Neuroprotective Strategies for Extremely Preterm Neonates in Clinical Practice
Delayed umbilical cord clamping for at least 30 seconds is the most important neuroprotective strategy for extremely preterm infants who do not require immediate resuscitation at birth. 1 This practice should be combined with other evidence-based interventions to form a comprehensive neuroprotection bundle.

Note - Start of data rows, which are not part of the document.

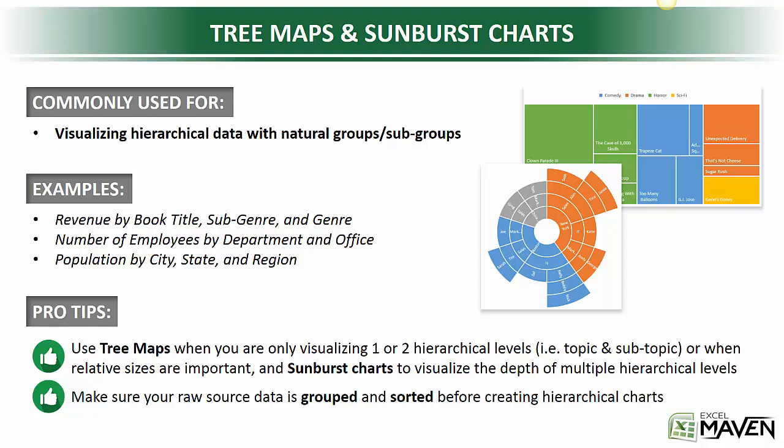Second, and this one's really important, make sure your raw source data is already grouped and sorted before trying to create a tree map and a sunburst chart. And I'll show you an example of why that's so important. So let's take a look.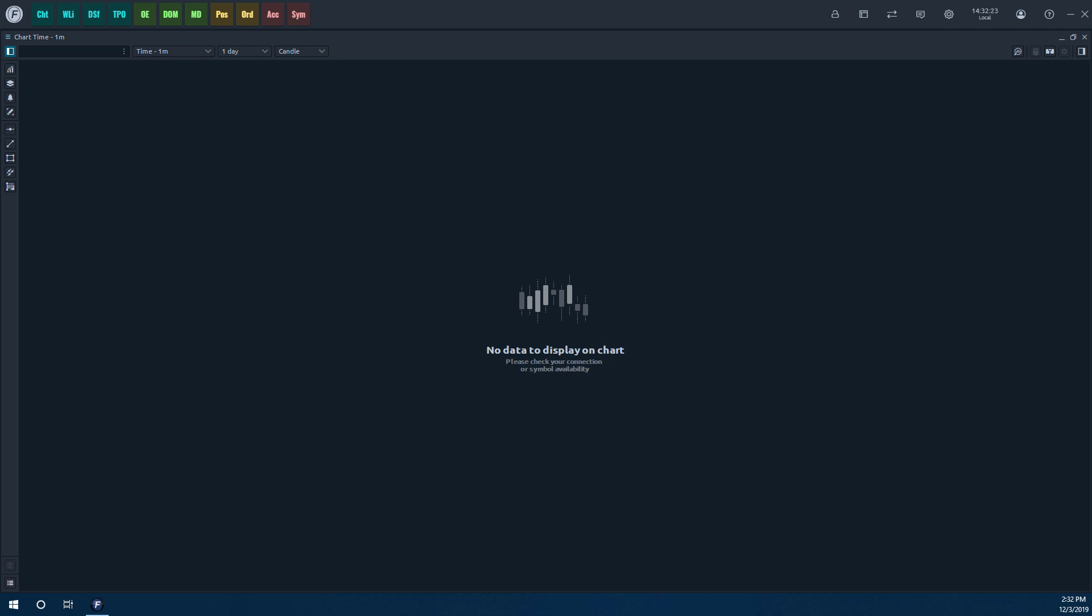Now, at the time of this video, we're only going to be having Rhythmic as an option to connect to, but in the future, we are looking to expand the data connectivity option. So if down the line, you do stumble upon this video and you notice there are other connection types other than Rhythmic, don't worry. We've just implemented those into the platform. But like I said, at this time, it's only going to be focused on the Rhythmic data feed.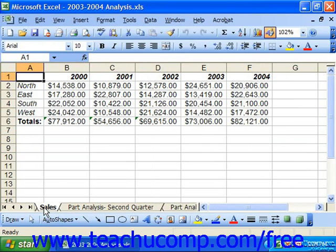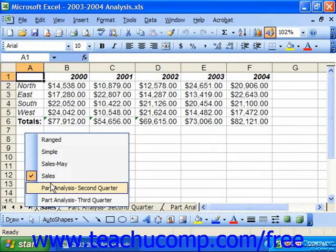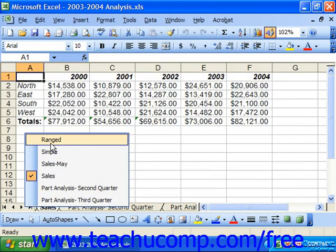Also, you may right-click on any arrow button in that group, and then select the name of the spreadsheet you wish to view from the pop-up menu that appears. That will then move you to the selected sheet.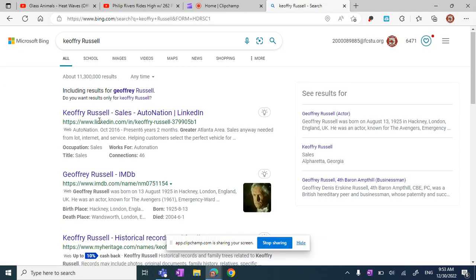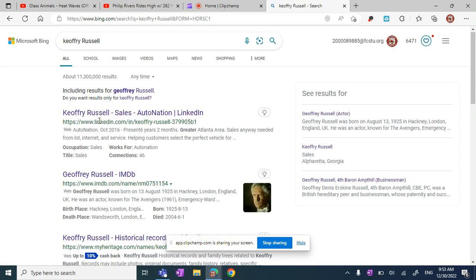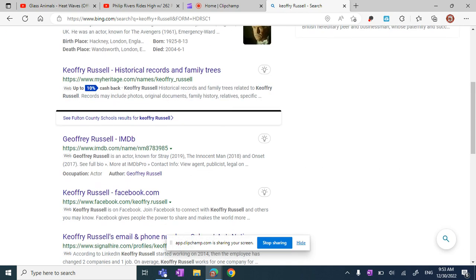It says AutoNation, October 2016, present six years, two months, greater Atlanta area. Anyway, this is not my dad. This ain't my dad, bruh.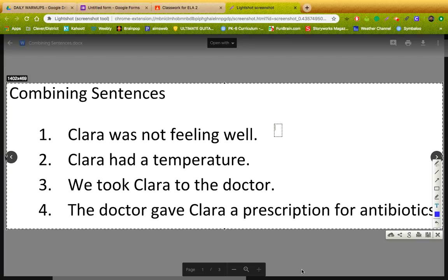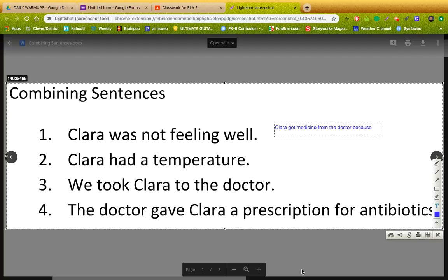What's the main idea here? So I think one way you could do this — it's about Clara. If I look at all this, the main idea is this. I believe that's just one way to do it. There are many other ways you could simplify these four sentences. But to me, this is about Clara being sick and she got medicine. That is the main idea: Clara got medicine from a doctor because she was sick. We don't need any of that other stuff.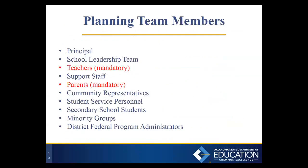Planning team members can include the principal, school leadership team, and teachers — teachers are mandatory, as the planning team must include at least one teacher. Support staff and parents are also mandatory, as the planning team must include at least one parent. Additional members can include community representatives, student service personnel, secondary school students, minority groups, and district federal program administrators.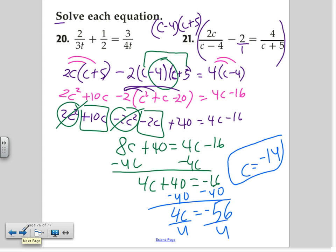Remember, if I ever ask you to state the extraneous value and such, that means you check to make sure that you don't have a zero at the bottom — always.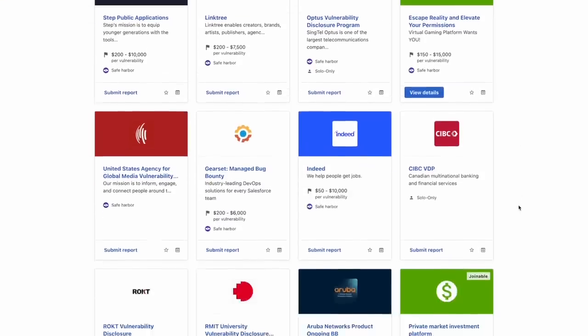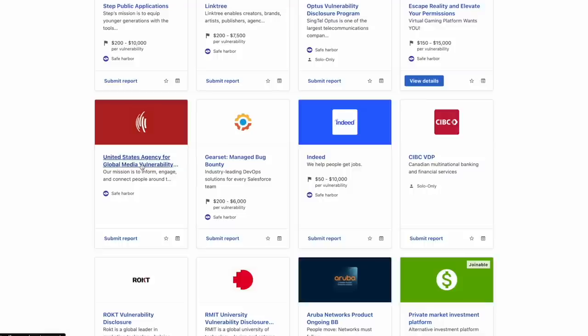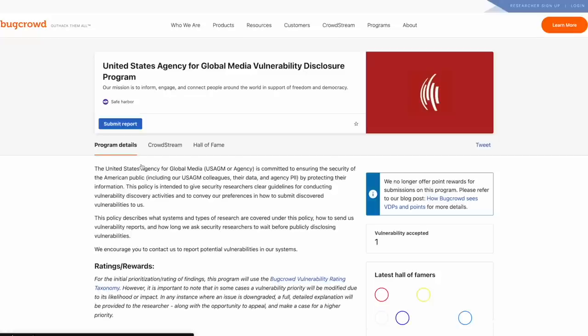Bugcrowd is similar — you have a lot of public programs including government organizations, Indeed, Tesla, and more. What I like about Bugcrowd is their ability to self-enroll into private bug bounty programs based on your activity. Instead of waiting for an invite, they show you metadata about each program — the company's industry, how much they pay, and requirements you need to meet to qualify.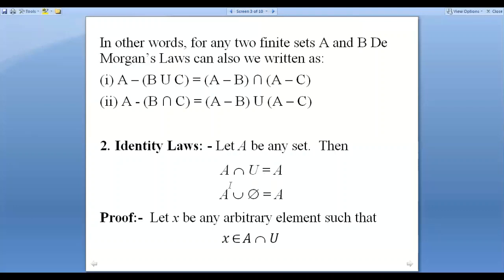When I take the intersection of A with U, the result is again A — there is no change in A. So U acts as the identity element for intersection because when we take A intersection U, A remains as it is.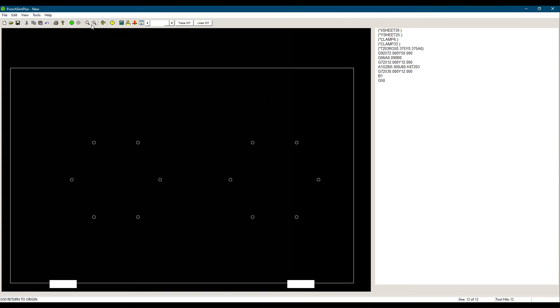Using pattern memory and recall saves us time from retyping the same lines and saves memory space in the machine control by making the program smaller in size.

Antenatal Neuroprotective Strategies
Maternal Interventions
- Antenatal corticosteroids: Should be administered to women at risk of preterm birth to reduce respiratory distress syndrome and improve neonatal outcomes
- Magnesium sulfate: Should be given to women at risk of preterm birth before 32 weeks for fetal neuroprotection 2
- Transfer to appropriate facility: Whenever possible, periviable births should occur in centers with level III-IV NICU capabilities 1
Delivery Room Management
Cord Management
- Delayed cord clamping: Wait at least 30 seconds before clamping the umbilical cord in preterm infants not requiring immediate resuscitation 1
- Cord milking: Not recommended for infants born at less than 29 weeks gestation outside of research settings due to insufficient evidence for long-term outcomes 1
Temperature Management
- Maintain normothermia: Temperature of preterm infants should be maintained between 36.5°C and 37.5°C after birth 1
- Prevention strategies:
- Use radiant warmers and plastic wrap with cap
- Consider thermal mattresses for infants <32 weeks
- Use warmed humidified resuscitation gases
- Increase delivery room temperature 1
Respiratory Support
- Initial oxygen concentration: Begin resuscitation with low oxygen concentration (21%-30%) rather than high oxygen (65%-100%) 1
- Non-invasive ventilation: Use early CPAP with selective surfactant administration rather than routine intubation 3
- Lung-protective ventilation: If mechanical ventilation is necessary, use lower tidal volumes (3.5-5 mL/kg) 3
NICU Management
Pharmacological Interventions
- Caffeine therapy: Administer caffeine citrate to prevent apnea of prematurity with loading dose of 20 mg/kg followed by maintenance dose of 5 mg/kg daily 4
- Benefits include improved respiratory outcomes and potential neuroprotection
- Mechanism involves stimulation of respiratory center, increased minute ventilation, and antagonism of adenosine receptors 4
Hemodynamic Management
- Minimize hypotension treatment: Avoid unnecessary use of inotropes and fluid boluses, which are associated with increased risk of brain injury 5
- Maintain cerebral perfusion: Avoid rapid fluctuations in blood pressure
Positioning and Handling
- Midline head positioning: Maintain neutral head position to optimize cerebral venous drainage 5
- Minimal handling: Implement clustered care to reduce stress and physiological instability 5
Neuroprotection Care Bundle
Implementation of a structured neuroprotection care bundle has been shown to significantly reduce death or severe brain injury in extremely preterm infants (adjusted odds ratio 0.34; 95% CI 0.20-0.59) 5. Key components include:
- Minimal handling protocols
- Midline head positioning
- Delayed cord clamping
- Protocolized hemodynamic management
- Standardized respiratory management
Monitoring and Follow-up
- Regular cranial ultrasound screening to detect intraventricular hemorrhage
- Monitor for signs of post-hemorrhagic hydrocephalus in infants with IVH
- Long-term neurodevelopmental follow-up, as infants with unilateral periventricular hemorrhagic infarction have better outcomes than those with bilateral lesions 1
Pitfalls and Caveats
- Hyperthermia: Avoid temperatures >38.0°C due to potential associated risks 1
- Cord milking in extremely preterm infants: Current evidence suggests against routine use in infants <29 weeks gestation outside research settings 1
- Prolonged resuscitation: Decision to continue or discontinue resuscitative efforts must consider multiple factors including gestational age, adequacy of resuscitation, and availability of advanced neonatal care 1
- Oxygen management: Avoid both hypoxia and hyperoxia; titrate oxygen based on saturation targets
The implementation of these neuroprotective strategies requires a multidisciplinary approach involving obstetric and neonatal teams. When applied systematically, these interventions can significantly improve neurological outcomes for extremely preterm infants.